Posted by Crœsos (# 238) on :
 
quote:
Originally posted by Gildas:
I have no problem with the argument that Warren wants to have his cake and eat it.

I'm just mindful of the arguments at the inauguration that Obama was being excessively conciliatory to the other lot (which I had some sympathy with) and it occurs to me that if you let a raving self-publicist like Rick Warren publicise himself on an occasion like that there has to be a quid pro quo, Clarice. That possibly Obama saw advantages in having his own house fundamentalist in his back pocket for occasions such as these.

Perhaps I've been watching too many re-runs of the House of Cards trilogy, recently!
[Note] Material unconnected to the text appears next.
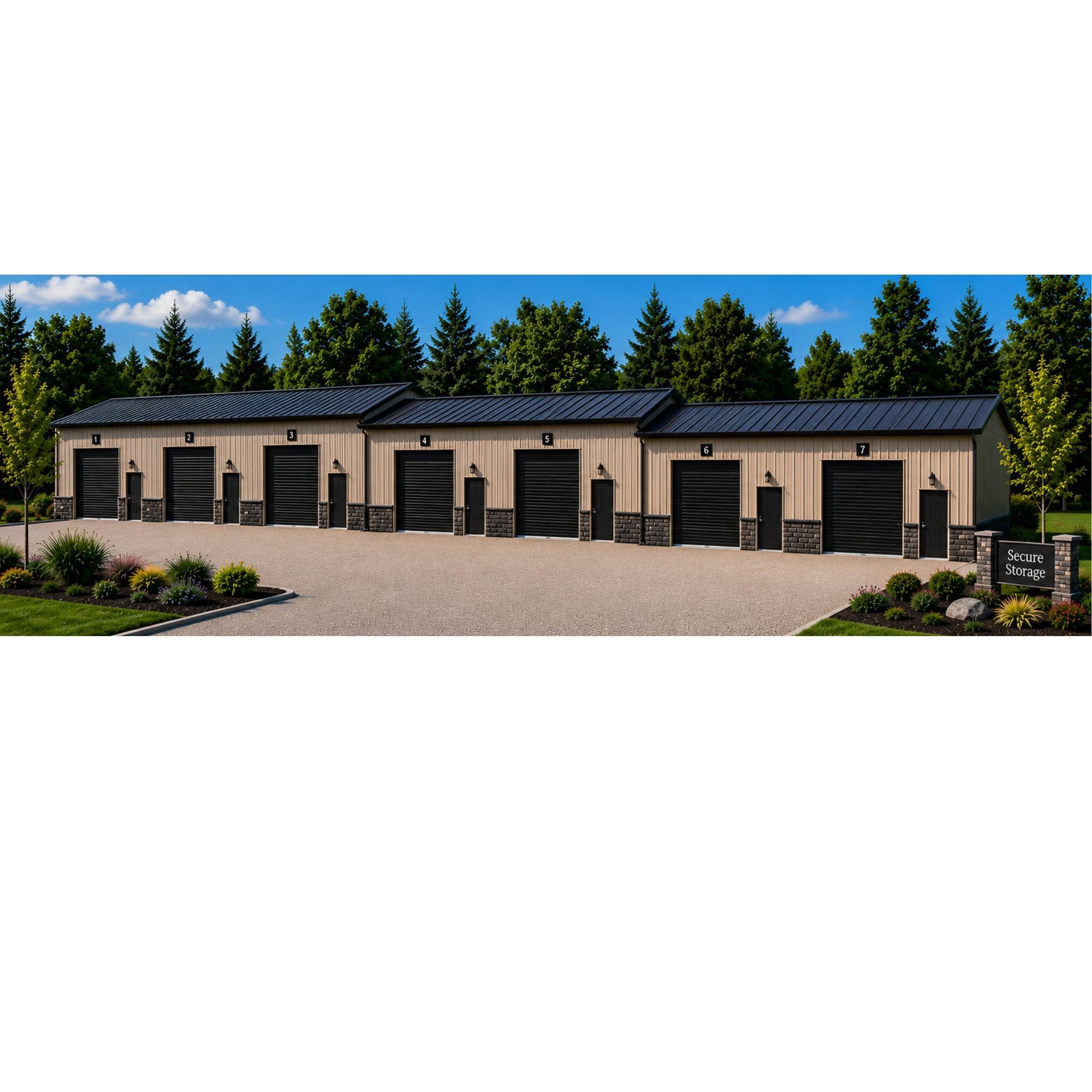 4864 State Highway 57, De Pere, WI 54115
If that's the case then the Obama administration isn't getting its invitation's worth out of Warren. Dodging the question and making "I'm neutral on killing gays" statements for a month and then issuing a 'condemnation' which devotes more text to plugging Warren and his projects than to actually condemning anything has a definite feel of "I'm doing this but I don't really want to".
 
Posted by leo (# 1458) on :
 
Gideon Byamugisha, an Anglican minister in Uganda, took a gamble by speaking out openly against the bill, calling it "genocide."
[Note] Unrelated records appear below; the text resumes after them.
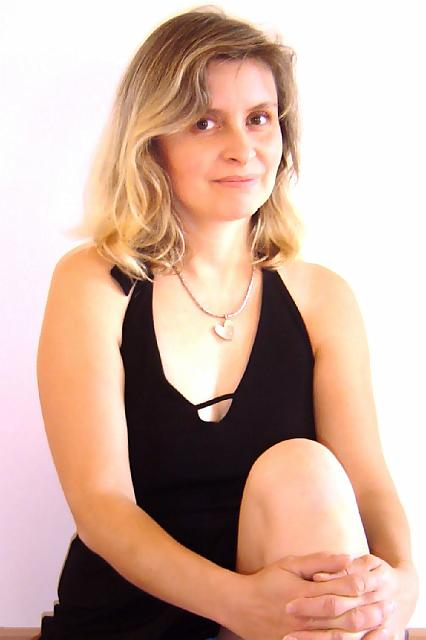 AM-PT026.jpg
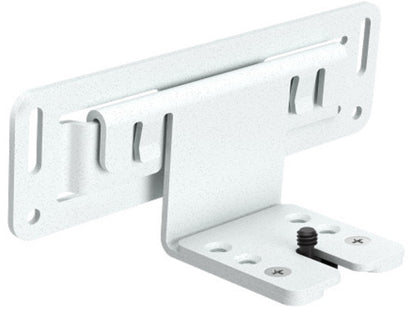 HP Poly Studio X30/X32/V12 VESA and Wall Mount Soporte VESA Blanco
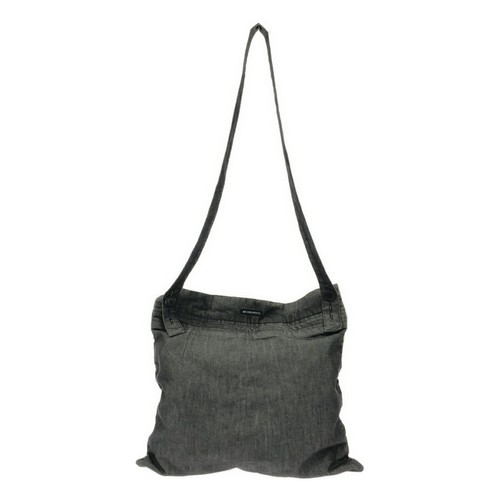 Sac bandoulière ann - à,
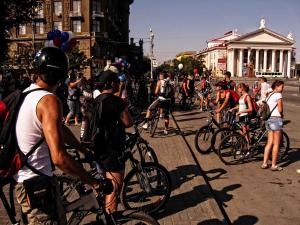 IMG_5181.JPG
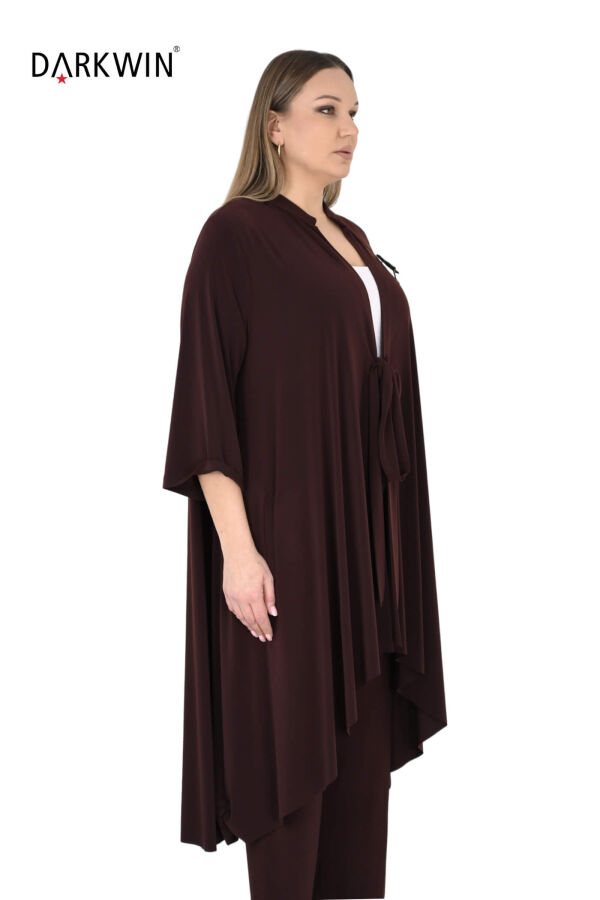 10029 DARKWIN KAP KAHVE - 2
Scott Lively, who presides over Abiding Truth Ministries, told the Guardian that the bill was "far too harsh and punitive."
 
Posted by iGeek (# 777) on :
 
Says the man who helped loose the jinni from the bottle.

He will likely have some blood on his hands to account for.
 
Posted by Matariki (# 14380) on :
 
To keep myself informed of Evangelical opinion (or its American variety anyhow) I often check out the Christianity Today website. Strange territory for a woolly liberal but quite interesting at times.
In a thread generated by discussion on the Ugandan legislation a few (by no means all) contributers have used really unpleasant and vitriolic language about Gays and Lesbians. Hate speech really.
Its almost as if its queer bashing by proxy.In the U.S. the cause is lost. The advances GLBT people have made cannot be rolled back so why not cheer on measures to make life unbearable for them in Gays and Lesbians in Uganda?
 
Posted by Matariki (# 14380) on :
 
Sorry, last sentence should end with "for them in Uganda." It's 06.30 here and I am still drinking my first coffee.